▸ Source records:
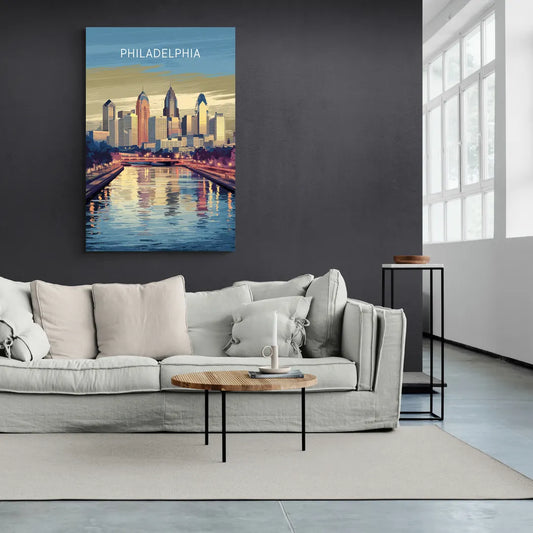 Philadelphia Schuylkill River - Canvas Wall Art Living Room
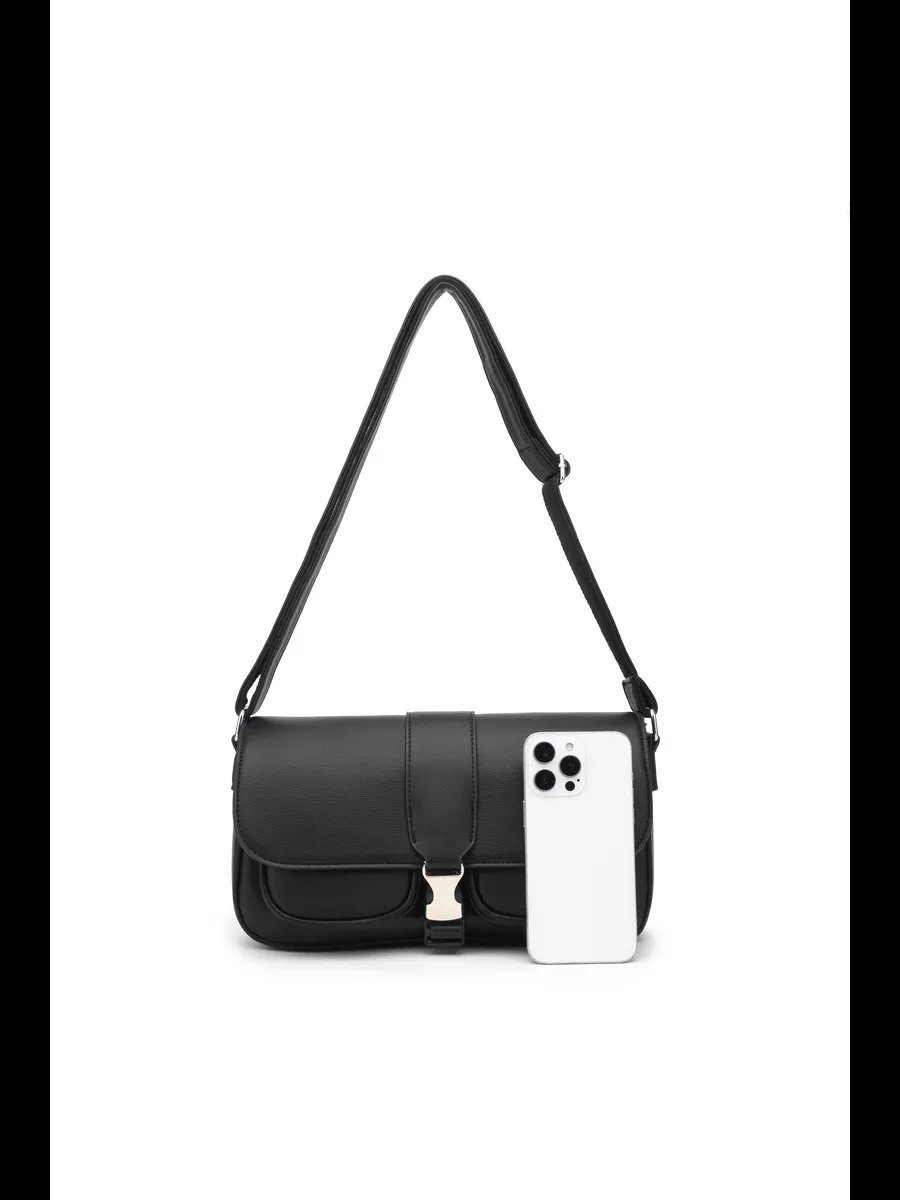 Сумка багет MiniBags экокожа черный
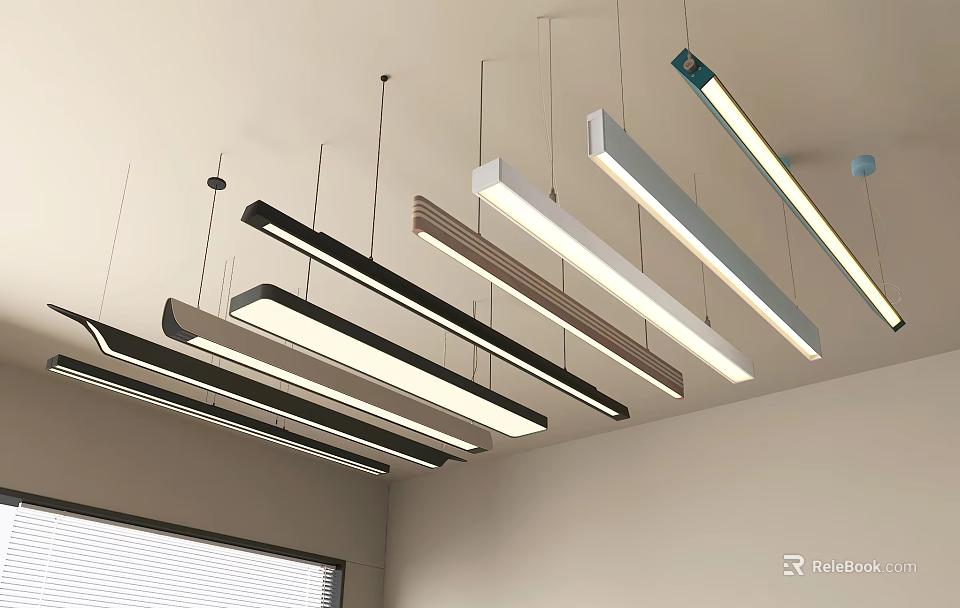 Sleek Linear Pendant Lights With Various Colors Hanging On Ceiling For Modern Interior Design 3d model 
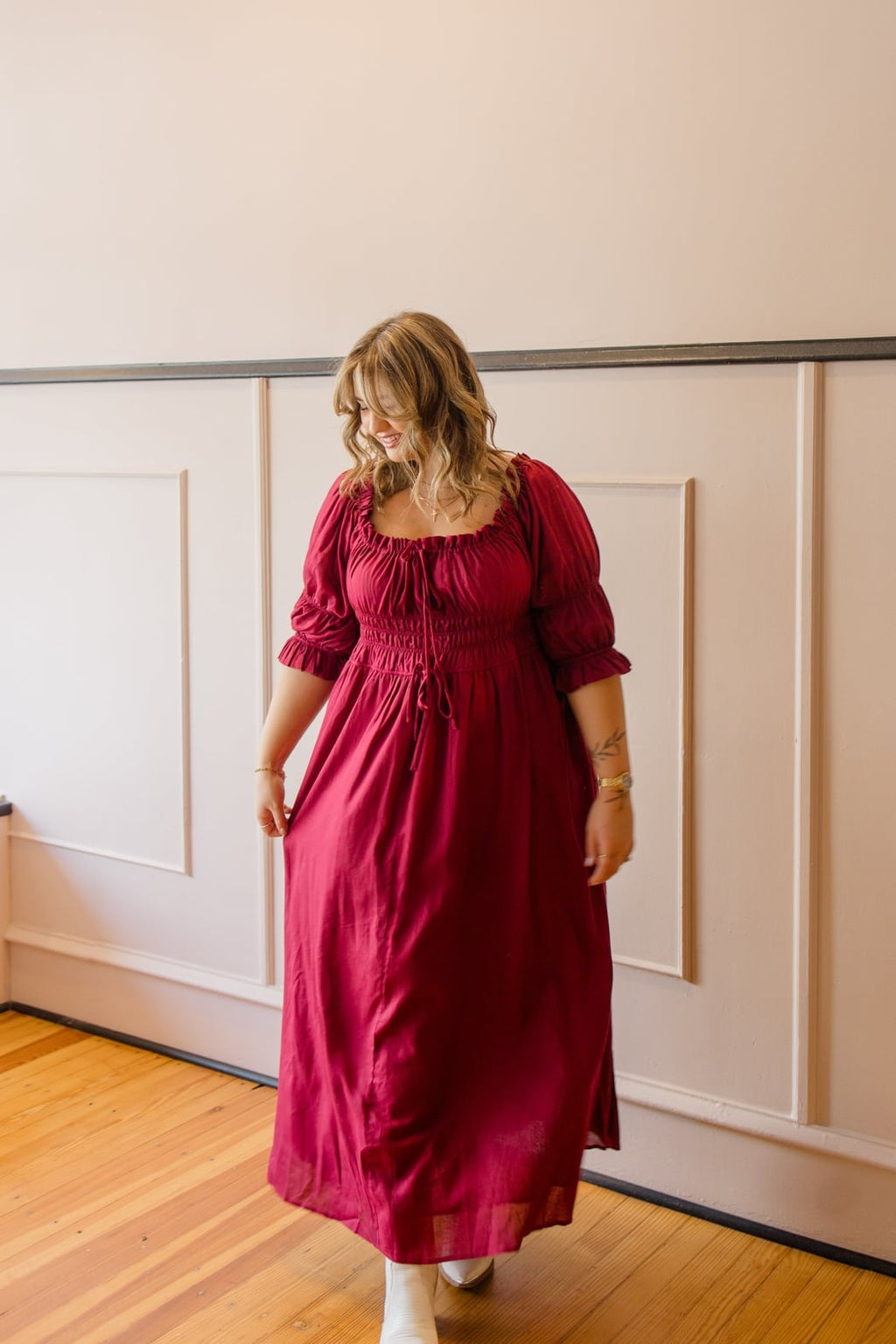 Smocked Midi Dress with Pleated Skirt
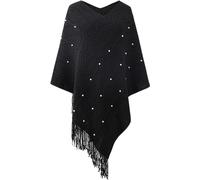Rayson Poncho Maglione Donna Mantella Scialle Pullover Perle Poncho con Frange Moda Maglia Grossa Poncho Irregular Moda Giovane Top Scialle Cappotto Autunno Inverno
...
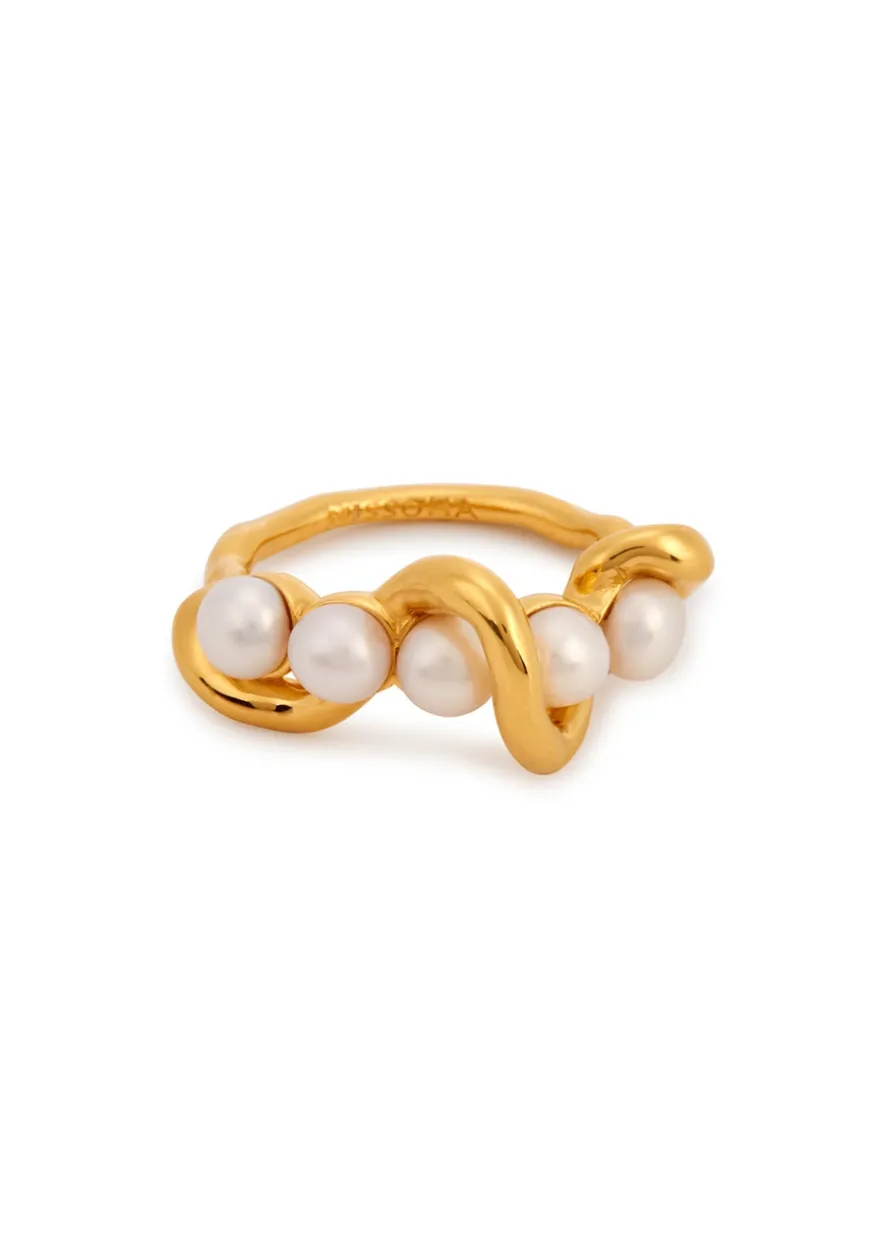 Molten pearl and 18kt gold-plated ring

▸ Exercise objective: Produce an exact reproduction of the listing above, limited to the lines starting at the line with "Philadelphia Schuylkill River" and ending at the line with "Rayson Poncho Maglione", both kept, with every picture left out.

▸ Result:
 Philadelphia Schuylkill River - Canvas Wall Art Living Room
 Сумка багет MiniBags экокожа черный
 Sleek Linear Pendant Lights With Various Colors Hanging On Ceiling For Modern Interior Design 3d model 
 Smocked Midi Dress with Pleated Skirt
Rayson Poncho Maglione Donna Mantella Scialle Pullover Perle Poncho con Frange Moda Maglia Grossa Poncho Irregular Moda Giovane Top Scialle Cappotto Autunno Inverno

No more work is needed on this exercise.